Our Exceptional Nation

Two-hundred and twenty-six years ago, on September 17, 1787, 39 delegates to the United States Constitutional Convention in Philadelphia signed the United States Constitution. This governing document would later be officially ratified by "We the People" on September 13, 1788. Governance of our nation under this constitution officially began on March 4, 1789.
 
As a Michigan State Senator, I swore the following oath prior to taking office: "I do solemnly swear that I will support the Constitution of the United States and the constitution of this state, and that I will faithfully discharge the duties of the office of state senator according to the best of my ability."
 
We live in a truly exceptional nation.  
 
But our nation is not exceptional because elected officials discharge the duties of our office to the best of their abilities.
 
Our nation is exceptional because of the principles upon which it was founded.  
 
Our nation is exceptional because these principles were the exception at the time they were adopted, not the rule.
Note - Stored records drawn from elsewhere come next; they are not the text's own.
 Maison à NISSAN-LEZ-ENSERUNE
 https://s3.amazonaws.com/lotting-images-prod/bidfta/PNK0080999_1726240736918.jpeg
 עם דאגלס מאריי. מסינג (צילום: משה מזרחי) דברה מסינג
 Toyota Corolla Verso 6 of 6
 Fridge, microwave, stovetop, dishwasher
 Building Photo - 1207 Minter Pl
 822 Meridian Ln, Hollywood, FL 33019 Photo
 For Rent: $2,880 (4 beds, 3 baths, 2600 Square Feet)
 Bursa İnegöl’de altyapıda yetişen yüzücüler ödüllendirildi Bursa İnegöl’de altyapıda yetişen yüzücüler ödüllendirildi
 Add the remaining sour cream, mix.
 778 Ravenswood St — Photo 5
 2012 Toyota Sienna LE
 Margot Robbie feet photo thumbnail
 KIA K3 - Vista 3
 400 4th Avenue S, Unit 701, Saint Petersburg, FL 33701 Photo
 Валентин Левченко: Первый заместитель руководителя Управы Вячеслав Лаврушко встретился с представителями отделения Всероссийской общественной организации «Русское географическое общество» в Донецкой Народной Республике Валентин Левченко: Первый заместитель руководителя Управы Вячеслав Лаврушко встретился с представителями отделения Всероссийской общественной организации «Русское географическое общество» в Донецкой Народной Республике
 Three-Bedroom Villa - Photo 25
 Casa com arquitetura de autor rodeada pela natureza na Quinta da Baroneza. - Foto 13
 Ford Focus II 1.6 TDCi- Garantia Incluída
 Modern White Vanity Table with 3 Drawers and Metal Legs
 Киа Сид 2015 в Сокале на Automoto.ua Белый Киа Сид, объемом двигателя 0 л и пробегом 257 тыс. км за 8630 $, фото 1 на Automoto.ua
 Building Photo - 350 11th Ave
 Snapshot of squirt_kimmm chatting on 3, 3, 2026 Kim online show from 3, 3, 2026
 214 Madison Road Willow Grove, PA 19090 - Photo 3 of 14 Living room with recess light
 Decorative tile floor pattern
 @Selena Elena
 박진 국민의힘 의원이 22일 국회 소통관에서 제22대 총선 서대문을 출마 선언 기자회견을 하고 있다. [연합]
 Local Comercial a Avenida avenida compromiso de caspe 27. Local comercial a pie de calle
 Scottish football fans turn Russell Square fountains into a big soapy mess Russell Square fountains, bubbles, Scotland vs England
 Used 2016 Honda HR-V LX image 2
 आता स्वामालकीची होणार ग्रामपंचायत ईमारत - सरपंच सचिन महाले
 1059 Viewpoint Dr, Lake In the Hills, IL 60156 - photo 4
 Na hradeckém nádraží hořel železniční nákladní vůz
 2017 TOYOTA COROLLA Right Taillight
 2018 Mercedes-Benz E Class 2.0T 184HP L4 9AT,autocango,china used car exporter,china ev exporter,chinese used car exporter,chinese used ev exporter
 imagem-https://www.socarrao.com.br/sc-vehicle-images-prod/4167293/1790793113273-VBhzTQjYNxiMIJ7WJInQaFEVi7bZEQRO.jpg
They still are exceptional.
 
One of the key principles that is often neglected by elected officials today is that our government officials have been granted LIMITED powers by "We the People". These LIMITED powers are defined in our Constitution.  
 
We the People have granted the federal legislature limited powers as enumerated in Article I Section 8.  
 
We the People have granted the executive branch limited powers as enumerated in Article II, Section 2. 
 
We the People have granted the judicial branch limited powers as enumerated in Article III, Section 2.  
 
And, just in case our government officials were not paying attention to the idea that "We the People" provided them with limited powers in Articles I through III, our Founding Fathers also adopted the 10th Amendment found in the Bill of Rights which reads, "The powers not delegated to the United States by the Constitution, nor prohibited by it to the States, are reserved to the States respectively, or to the people."
 
While the U.S. Constitution can be thought of as the guidebook on "how" we run our country, it is the Declaration of Independence that provides us with the answers to the important question "why".  We can reflect upon the following words in the Declaration of Independence for insights as to why our nation was founded.
 
"We hold these truths to be self-evident, that all men are created equal, that they are endowed by their Creator with certain unalienable Rights, that among these are Life, Liberty and the pursuit of Happiness.–That to secure these rights, Governments are instituted among Men, deriving their just powers from the consent of the governed…"
 
Prior to our Declaration of Independence, the establishment of rights and the power to enforce these rights was the dominion of kings, dictators, czars and elite members of the ruling class. "We the People" in all of the other nations around the world were told by the ruling class what rights they could or could not have.
 
Our nation, however, was founded on the principle that we are ALL created equal. This principle was and continues to be truly exceptional.
 
It is therefore in keeping with our remembrance of the 226th anniversary of the signing of the United States Constitution, that, with firm reliance on Divine Providence, I pledge my life, my fortune and my sacred honor to ensure that we honor our founding principles and the sacrifices of those before us to which we are in debt for living in such an exceptional nation.